Falch Lucas, Lohan Katrin Solveig
Institute for the Development of Mechatronic Systems EMS, Eastern Switzerland University of Applied Sciences (OST), Buchs, Switzerland.
Front Robot AI. 2024 Apr 2;11:1369566. doi: 10.3389/frobt.2024.1369566. eCollection 2024.
This paper presents a novel webcam-based approach for gaze estimation on computer screens. Utilizing appearance based gaze estimation models, the system provides a method for mapping the gaze vector from the user's perspective onto the computer screen. Notably, it determines the user's 3D position in front of the screen, using only a 2D webcam without the need for additional markers or equipment. The study presents a comprehensive comparative analysis, assessing the performance of the proposed method against established eye tracking solutions. This includes a direct comparison with the purpose-built Tobii Eye Tracker 5, a high-end hardware solution, and the webcam-based GazeRecorder software. In experiments replicating head movements, especially those imitating yaw rotations, the study brings to light the inherent difficulties associated with tracking such motions using 2D webcams. This research introduces a solution by integrating Structure from Motion (SfM) into the Convolutional Neural Network (CNN) model. The study's accomplishments include showcasing the potential for accurate screen gaze tracking with a simple webcam, presenting a novel approach for physical distance computation, and proposing compensation for head movements, laying the groundwork for advancements in real-world gaze estimation scenarios.

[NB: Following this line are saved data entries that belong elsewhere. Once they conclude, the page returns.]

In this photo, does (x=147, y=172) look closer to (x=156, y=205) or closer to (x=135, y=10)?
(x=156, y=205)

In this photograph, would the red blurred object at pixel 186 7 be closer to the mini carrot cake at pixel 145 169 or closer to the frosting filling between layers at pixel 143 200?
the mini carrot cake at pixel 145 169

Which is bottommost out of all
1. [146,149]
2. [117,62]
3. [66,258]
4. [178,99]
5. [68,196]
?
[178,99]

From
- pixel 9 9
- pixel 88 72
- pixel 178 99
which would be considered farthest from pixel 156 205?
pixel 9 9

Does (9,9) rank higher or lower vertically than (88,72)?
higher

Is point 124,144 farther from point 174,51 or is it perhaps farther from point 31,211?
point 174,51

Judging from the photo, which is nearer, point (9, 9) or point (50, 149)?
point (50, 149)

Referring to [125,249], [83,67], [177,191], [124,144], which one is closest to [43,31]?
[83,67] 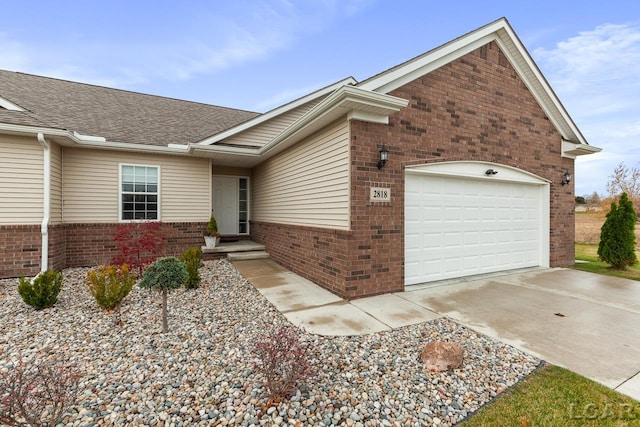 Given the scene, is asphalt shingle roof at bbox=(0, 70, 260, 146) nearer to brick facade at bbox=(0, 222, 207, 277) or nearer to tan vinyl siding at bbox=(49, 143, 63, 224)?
tan vinyl siding at bbox=(49, 143, 63, 224)

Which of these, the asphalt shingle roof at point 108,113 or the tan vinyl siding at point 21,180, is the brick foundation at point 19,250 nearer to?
the tan vinyl siding at point 21,180

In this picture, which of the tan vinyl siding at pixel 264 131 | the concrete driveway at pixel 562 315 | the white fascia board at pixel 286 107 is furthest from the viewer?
the tan vinyl siding at pixel 264 131

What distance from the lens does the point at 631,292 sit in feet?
18.4

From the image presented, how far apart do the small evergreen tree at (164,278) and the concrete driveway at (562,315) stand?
3860mm

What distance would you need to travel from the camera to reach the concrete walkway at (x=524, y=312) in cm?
323

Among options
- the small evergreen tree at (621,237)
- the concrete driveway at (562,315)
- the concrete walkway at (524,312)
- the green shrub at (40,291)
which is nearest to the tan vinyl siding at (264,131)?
the concrete walkway at (524,312)

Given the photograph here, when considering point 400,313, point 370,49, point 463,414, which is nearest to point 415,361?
point 463,414

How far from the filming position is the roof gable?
18.1 feet

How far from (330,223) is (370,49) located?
8.37 m

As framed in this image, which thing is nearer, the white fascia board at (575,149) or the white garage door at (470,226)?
the white garage door at (470,226)

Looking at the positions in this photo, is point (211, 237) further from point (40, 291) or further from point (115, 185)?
point (40, 291)

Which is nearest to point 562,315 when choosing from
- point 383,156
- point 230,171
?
point 383,156

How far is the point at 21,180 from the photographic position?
6738 mm

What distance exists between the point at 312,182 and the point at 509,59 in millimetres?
5864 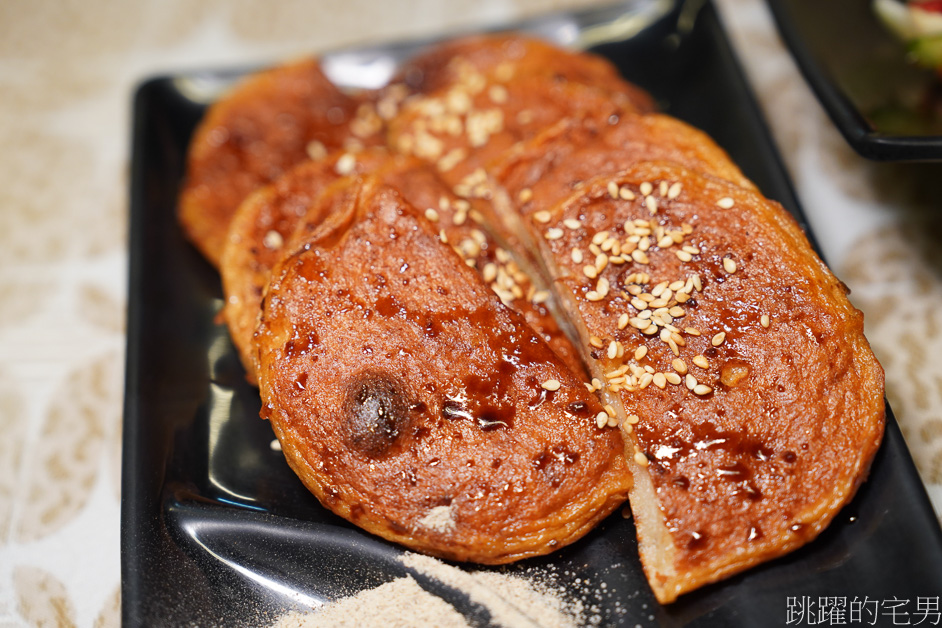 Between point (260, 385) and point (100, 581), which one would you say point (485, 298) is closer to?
point (260, 385)

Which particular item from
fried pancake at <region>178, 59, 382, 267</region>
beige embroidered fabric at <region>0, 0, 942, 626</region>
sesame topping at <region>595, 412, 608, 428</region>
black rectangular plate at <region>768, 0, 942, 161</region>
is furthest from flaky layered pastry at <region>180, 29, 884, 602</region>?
beige embroidered fabric at <region>0, 0, 942, 626</region>

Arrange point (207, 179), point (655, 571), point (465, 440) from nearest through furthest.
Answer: point (655, 571) → point (465, 440) → point (207, 179)

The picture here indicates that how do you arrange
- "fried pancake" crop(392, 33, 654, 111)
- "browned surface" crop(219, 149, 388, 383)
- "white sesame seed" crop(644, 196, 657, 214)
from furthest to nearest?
1. "fried pancake" crop(392, 33, 654, 111)
2. "browned surface" crop(219, 149, 388, 383)
3. "white sesame seed" crop(644, 196, 657, 214)

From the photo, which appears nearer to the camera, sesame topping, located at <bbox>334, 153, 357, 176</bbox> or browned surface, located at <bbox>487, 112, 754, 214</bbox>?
browned surface, located at <bbox>487, 112, 754, 214</bbox>

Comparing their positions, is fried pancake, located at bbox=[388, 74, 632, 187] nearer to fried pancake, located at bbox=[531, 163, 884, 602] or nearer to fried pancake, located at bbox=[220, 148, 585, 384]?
fried pancake, located at bbox=[220, 148, 585, 384]

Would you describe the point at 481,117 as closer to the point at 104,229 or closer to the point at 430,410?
the point at 430,410

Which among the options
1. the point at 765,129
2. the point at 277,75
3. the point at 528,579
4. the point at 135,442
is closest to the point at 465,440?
the point at 528,579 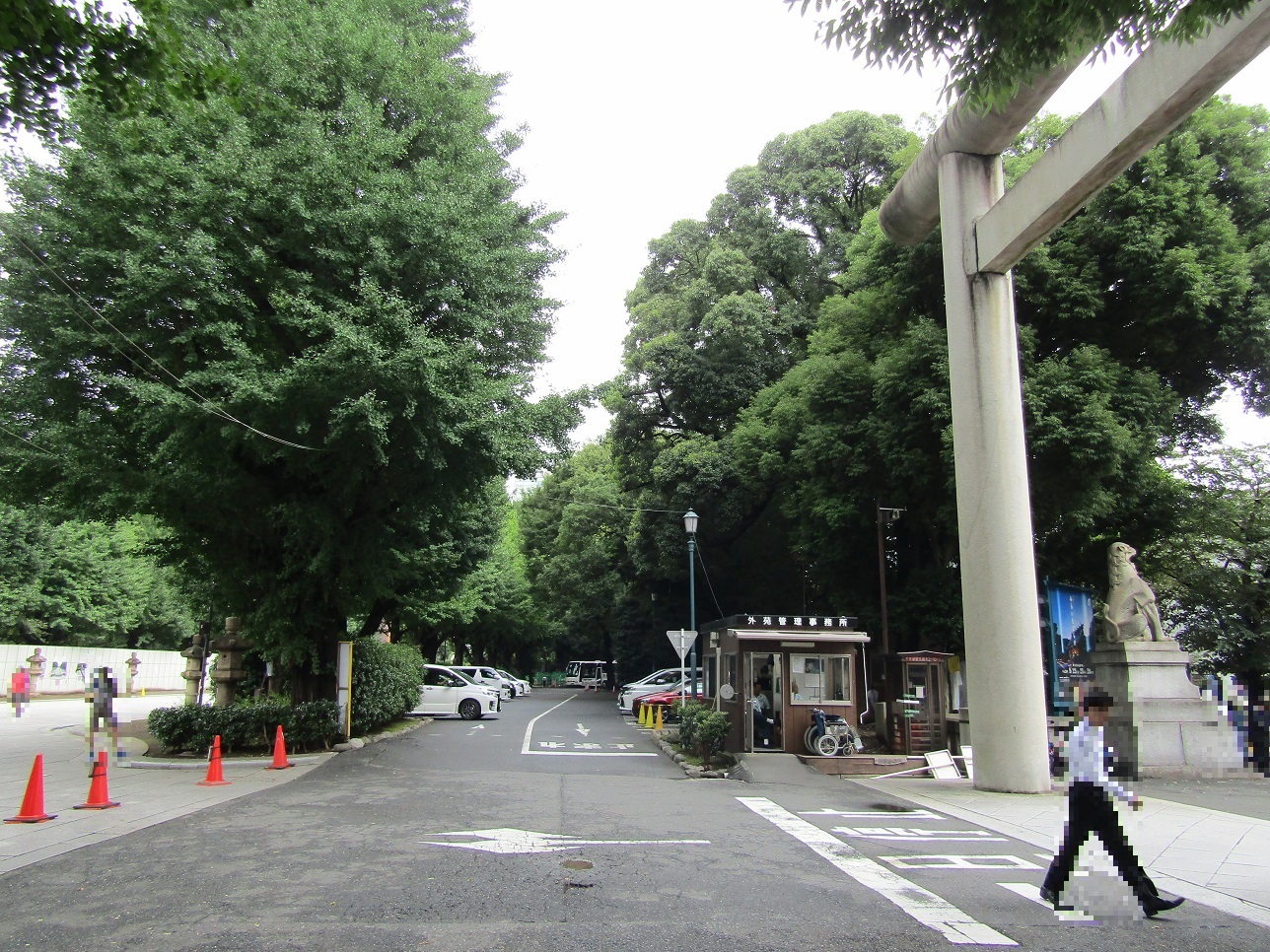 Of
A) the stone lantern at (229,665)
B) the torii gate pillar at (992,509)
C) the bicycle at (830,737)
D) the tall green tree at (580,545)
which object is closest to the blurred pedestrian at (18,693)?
the stone lantern at (229,665)

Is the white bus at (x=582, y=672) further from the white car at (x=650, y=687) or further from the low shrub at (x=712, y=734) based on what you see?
the low shrub at (x=712, y=734)

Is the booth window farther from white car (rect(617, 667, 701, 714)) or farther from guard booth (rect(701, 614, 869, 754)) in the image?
white car (rect(617, 667, 701, 714))

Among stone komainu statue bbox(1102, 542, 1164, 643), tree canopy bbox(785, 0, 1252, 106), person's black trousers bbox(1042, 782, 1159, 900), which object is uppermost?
tree canopy bbox(785, 0, 1252, 106)

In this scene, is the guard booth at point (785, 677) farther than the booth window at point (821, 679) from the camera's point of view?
No

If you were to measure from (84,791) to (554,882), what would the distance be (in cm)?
832

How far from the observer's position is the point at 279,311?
47.2 feet

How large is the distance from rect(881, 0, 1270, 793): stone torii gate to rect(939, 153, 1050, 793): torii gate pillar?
0.02 metres

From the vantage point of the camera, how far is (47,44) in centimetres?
642

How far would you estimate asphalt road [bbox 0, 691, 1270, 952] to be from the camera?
5453 mm

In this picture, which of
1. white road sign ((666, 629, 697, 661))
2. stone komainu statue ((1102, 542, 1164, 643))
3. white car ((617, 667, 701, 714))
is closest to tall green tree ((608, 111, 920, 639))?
white car ((617, 667, 701, 714))

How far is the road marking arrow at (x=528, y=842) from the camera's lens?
8148 millimetres

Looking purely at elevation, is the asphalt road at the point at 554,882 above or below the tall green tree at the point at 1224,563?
below

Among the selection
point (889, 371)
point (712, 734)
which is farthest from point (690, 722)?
point (889, 371)

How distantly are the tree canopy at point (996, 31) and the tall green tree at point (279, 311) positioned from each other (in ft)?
29.0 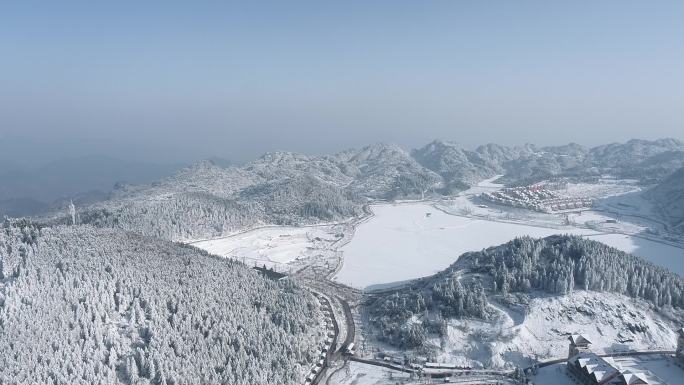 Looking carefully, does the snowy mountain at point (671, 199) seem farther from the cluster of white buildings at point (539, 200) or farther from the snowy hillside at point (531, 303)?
the snowy hillside at point (531, 303)

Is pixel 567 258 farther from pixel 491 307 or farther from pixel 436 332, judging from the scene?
pixel 436 332

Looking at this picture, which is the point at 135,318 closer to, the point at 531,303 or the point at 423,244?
the point at 531,303

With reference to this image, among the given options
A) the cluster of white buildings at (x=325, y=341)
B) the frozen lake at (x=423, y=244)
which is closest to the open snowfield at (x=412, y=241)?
the frozen lake at (x=423, y=244)

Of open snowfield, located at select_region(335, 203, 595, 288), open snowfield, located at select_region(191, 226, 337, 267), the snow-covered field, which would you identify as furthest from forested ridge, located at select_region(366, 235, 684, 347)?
open snowfield, located at select_region(191, 226, 337, 267)

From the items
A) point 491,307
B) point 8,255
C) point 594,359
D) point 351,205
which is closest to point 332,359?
point 491,307

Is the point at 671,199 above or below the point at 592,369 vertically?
above

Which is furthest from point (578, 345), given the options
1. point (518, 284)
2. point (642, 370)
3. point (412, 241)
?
point (412, 241)

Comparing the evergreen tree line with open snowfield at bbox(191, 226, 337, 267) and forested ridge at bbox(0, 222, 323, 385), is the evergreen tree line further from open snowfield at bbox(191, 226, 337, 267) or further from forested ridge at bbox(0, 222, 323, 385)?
open snowfield at bbox(191, 226, 337, 267) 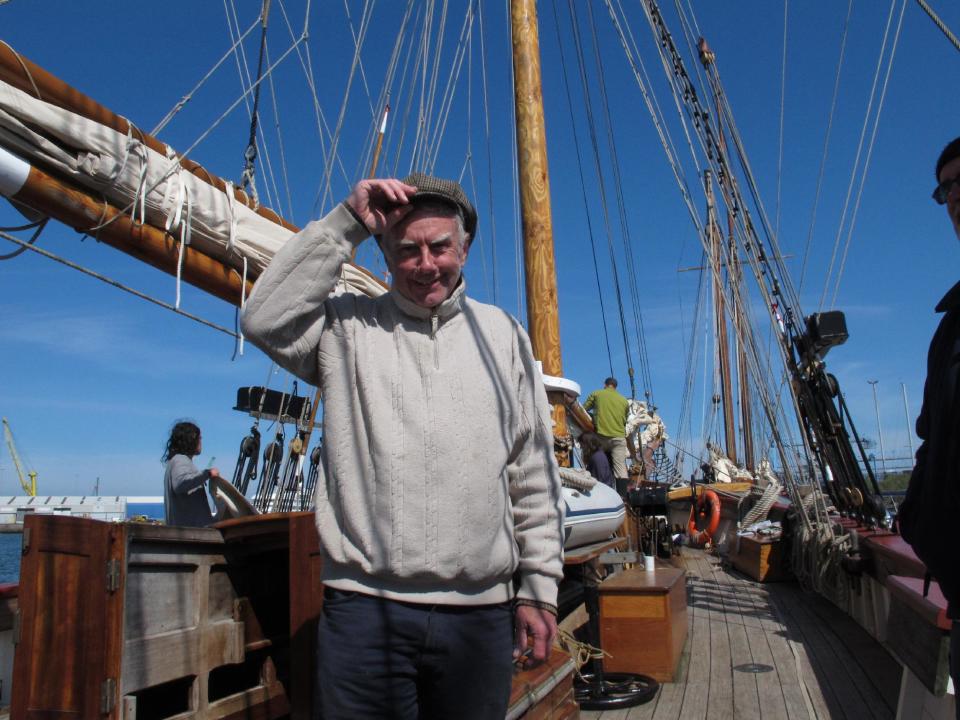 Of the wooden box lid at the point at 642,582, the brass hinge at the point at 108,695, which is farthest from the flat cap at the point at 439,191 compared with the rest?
the wooden box lid at the point at 642,582

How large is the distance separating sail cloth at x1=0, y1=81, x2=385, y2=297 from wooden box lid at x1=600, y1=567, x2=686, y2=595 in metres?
2.45

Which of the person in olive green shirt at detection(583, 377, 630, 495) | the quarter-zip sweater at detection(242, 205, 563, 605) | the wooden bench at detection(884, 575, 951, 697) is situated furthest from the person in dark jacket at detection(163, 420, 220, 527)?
the person in olive green shirt at detection(583, 377, 630, 495)

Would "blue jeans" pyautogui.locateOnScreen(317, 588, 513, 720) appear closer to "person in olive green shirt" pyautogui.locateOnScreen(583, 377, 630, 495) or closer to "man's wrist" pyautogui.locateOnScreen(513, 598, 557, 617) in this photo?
"man's wrist" pyautogui.locateOnScreen(513, 598, 557, 617)

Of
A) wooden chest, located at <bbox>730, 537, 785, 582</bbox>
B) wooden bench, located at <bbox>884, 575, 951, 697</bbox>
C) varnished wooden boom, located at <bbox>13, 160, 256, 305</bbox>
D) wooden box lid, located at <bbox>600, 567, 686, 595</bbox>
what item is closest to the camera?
wooden bench, located at <bbox>884, 575, 951, 697</bbox>

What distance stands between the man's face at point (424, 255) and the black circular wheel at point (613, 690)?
2698 mm

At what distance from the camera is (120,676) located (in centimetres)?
212

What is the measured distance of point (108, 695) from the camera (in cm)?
209

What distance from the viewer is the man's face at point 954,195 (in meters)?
1.61

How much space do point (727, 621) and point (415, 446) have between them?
4.92 meters

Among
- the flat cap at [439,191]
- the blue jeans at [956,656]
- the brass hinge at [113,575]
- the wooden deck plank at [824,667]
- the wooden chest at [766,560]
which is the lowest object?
the wooden deck plank at [824,667]

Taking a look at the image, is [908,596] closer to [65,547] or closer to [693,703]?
[693,703]

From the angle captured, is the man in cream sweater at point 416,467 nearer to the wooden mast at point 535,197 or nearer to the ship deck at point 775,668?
the ship deck at point 775,668

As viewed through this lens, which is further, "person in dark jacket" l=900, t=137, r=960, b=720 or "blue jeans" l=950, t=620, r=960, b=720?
"blue jeans" l=950, t=620, r=960, b=720

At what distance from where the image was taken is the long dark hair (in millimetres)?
4156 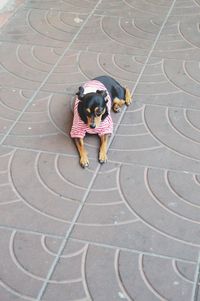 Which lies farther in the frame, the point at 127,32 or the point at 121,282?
the point at 127,32

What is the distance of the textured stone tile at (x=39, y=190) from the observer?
2.95 metres

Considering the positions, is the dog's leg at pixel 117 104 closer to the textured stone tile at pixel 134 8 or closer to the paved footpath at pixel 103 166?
the paved footpath at pixel 103 166

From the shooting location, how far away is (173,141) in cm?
343

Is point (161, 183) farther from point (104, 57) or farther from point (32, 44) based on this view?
point (32, 44)

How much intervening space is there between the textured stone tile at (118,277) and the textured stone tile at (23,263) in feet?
0.22

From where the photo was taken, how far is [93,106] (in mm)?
3258

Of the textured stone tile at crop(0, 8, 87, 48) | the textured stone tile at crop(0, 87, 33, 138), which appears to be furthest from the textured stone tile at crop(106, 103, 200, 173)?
the textured stone tile at crop(0, 8, 87, 48)

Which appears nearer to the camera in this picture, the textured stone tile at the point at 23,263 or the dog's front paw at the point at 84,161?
the textured stone tile at the point at 23,263

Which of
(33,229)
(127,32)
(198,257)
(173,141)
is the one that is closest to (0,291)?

本文提出了一种基于网络摄像头的新颖方法,用于在计算机屏幕上进行注视估计。该系统利用基于外观的注视估计模型,提供了一种从用户视角将注视向量映射到计算机屏幕上的方法。值得注意的是,它仅使用二维网络摄像头就能确定用户在屏幕前的三维位置,无需额外的标记或设备。该研究进行了全面的比较分析,评估了所提方法相对于既定眼动追踪解决方案的性能。这包括与专门构建的高端硬件解决方案 Tobii Eye Tracker 5 以及基于网络摄像头的 GazeRecorder 软件进行直接比较。在模拟头部运动(尤其是模仿偏航旋转的运动)的实验中,该研究揭示了使用二维网络摄像头跟踪此类运动所固有的困难。这项研究通过将运动结构(SfM)集成到卷积神经网络(CNN)模型中引入了一种解决方案。该研究的成果包括展示了使用简单网络摄像头进行精确屏幕注视跟踪的潜力,提出了一种用于物理距离计算的新颖方法,并提出了头部运动补偿,为实际注视估计场景的进展奠定了基础。